Congratulations to Laura Motta Medina who defended her dissertation on Tuesday, November 12, 2019
Advisor: Joel Blum
In our quest to understand the environmental chemistry of mercury (Hg) in aquatic ecosystems and expand our understanding of stable isotope fractionation signatures of heavy elements, I conducted studies designed to improve our knowledge of the marine biogeochemical cycle of Hg. My emphasis was on determining the photochemical reaction involving Hg that is behind the mass independent isotope fractionation (MIF; measured as Δ199Hg), preserved in pelagic fish. This dissertation enhances our understanding of key pathways that control Hg toxicity in marine waters and pinpoints the key dissolved Hg species that may limit Hg methylation and bioaccumulation. My research is divided in three core sections:
I. Field observations:
I will start by discussing the first Hg concentrations, speciation, and stable isotopes of marine zooplankton in the Pacific Ocean (Chapter 2,5). Then, I will talk about the advantages of utilizing Hg stable isotopes to study methylmercury (MeHg) photochemistry in the ocean over traditional laboratory or field experiments (Chapter 3).
From the field observations, it was demonstrated that Hg stable isotopes are excellent proxies for investigating Hg in marine ecosystems and monitor the degree of photochemical degradation in open ocean waters. However, the mechanism behind MIF and the role of HgX2 and MeHgX (X = S, N, or O organic ligands, and Cl) remained unclear and limited our interpretation of MIF. I conducted laboratory HgX2 in deionized water and demonstrated that, unlike traditionally isotope fractionation, MIF is controlled by the photophysical aspects of the reaction, such as intersystem crossing and hyperfine coupling (Chapter 4). Then, I investigated the photolysis of MeHg in artificial and natural seawater. The Hg stable isotope photochemistry experiments demonstrated that in surface marine waters the photolysis of MeHg is controlled by reactive inorganic CH3Hg+ and CH3HgOH and not by MeHg coordinated to dissolved organic matter (Chapter 5).

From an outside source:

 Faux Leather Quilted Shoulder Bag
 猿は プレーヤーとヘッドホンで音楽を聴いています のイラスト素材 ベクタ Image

In Chapters 2 through 5 it was shown that Hg stable isotope measurements can elucidate reaction mechanisms, ligands associated with Hg, and many complex environmental processes involving Hg. However, one big question remained: what is the underlying chemical mechanism of the MIF that produces Δ199Hg anomalies? I will discuss computational approaches used to explore the possibility of the magnetic isotope effect by investigating excitation energies and relativistic properties of Hg complexes (Chapter 6).
I conclude by discussing critical questions that remain concerning the chemistry of this global pollutant and I make recommendations for future research directions (Chapter 7).